> Assignment
Taking the listing below, restate word for word each line from the line with "Doña Sofía, más" to the line with "CHRISTMAS HOME TOUR: A", ends included, and stop there.

> Provided records
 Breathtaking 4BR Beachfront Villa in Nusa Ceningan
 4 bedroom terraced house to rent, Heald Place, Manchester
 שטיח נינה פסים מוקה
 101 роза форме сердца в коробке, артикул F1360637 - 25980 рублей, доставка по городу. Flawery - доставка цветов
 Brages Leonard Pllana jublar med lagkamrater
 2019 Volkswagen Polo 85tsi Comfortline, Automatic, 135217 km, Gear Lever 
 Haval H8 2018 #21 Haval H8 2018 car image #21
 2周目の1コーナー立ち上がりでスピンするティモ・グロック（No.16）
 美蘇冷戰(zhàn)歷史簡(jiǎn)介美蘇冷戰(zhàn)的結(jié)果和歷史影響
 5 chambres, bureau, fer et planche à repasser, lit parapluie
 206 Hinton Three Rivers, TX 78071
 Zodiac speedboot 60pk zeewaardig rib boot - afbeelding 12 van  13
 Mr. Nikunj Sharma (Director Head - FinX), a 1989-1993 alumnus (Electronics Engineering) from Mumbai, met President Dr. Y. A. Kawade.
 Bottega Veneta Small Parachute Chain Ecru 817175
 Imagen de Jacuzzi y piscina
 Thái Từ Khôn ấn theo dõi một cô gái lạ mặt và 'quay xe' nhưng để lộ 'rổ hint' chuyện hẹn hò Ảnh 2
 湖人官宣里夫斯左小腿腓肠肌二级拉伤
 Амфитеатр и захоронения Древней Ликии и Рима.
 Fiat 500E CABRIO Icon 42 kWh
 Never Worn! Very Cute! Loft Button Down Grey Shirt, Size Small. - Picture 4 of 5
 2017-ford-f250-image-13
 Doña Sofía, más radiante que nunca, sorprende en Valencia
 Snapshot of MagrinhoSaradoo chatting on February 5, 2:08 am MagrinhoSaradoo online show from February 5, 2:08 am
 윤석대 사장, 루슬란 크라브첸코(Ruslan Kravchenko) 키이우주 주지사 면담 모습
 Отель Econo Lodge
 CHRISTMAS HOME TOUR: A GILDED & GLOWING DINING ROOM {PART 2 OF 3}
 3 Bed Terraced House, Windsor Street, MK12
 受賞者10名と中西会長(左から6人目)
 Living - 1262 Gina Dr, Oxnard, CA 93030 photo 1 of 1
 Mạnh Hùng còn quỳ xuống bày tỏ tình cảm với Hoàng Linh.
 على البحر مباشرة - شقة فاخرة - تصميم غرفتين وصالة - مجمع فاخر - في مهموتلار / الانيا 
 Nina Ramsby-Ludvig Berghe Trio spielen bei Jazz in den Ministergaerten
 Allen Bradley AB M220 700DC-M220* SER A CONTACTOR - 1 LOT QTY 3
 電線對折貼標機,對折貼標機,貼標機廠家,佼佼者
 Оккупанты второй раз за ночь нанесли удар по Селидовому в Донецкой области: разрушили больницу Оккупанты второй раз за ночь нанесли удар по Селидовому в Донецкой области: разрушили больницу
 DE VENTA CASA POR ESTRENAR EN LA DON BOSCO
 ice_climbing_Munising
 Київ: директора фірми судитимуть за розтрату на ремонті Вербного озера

> Exercise response
 Doña Sofía, más radiante que nunca, sorprende en Valencia
 Snapshot of MagrinhoSaradoo chatting on February 5, 2:08 am MagrinhoSaradoo online show from February 5, 2:08 am
 윤석대 사장, 루슬란 크라브첸코(Ruslan Kravchenko) 키이우주 주지사 면담 모습
 Отель Econo Lodge
 CHRISTMAS HOME TOUR: A GILDED & GLOWING DINING ROOM {PART 2 OF 3}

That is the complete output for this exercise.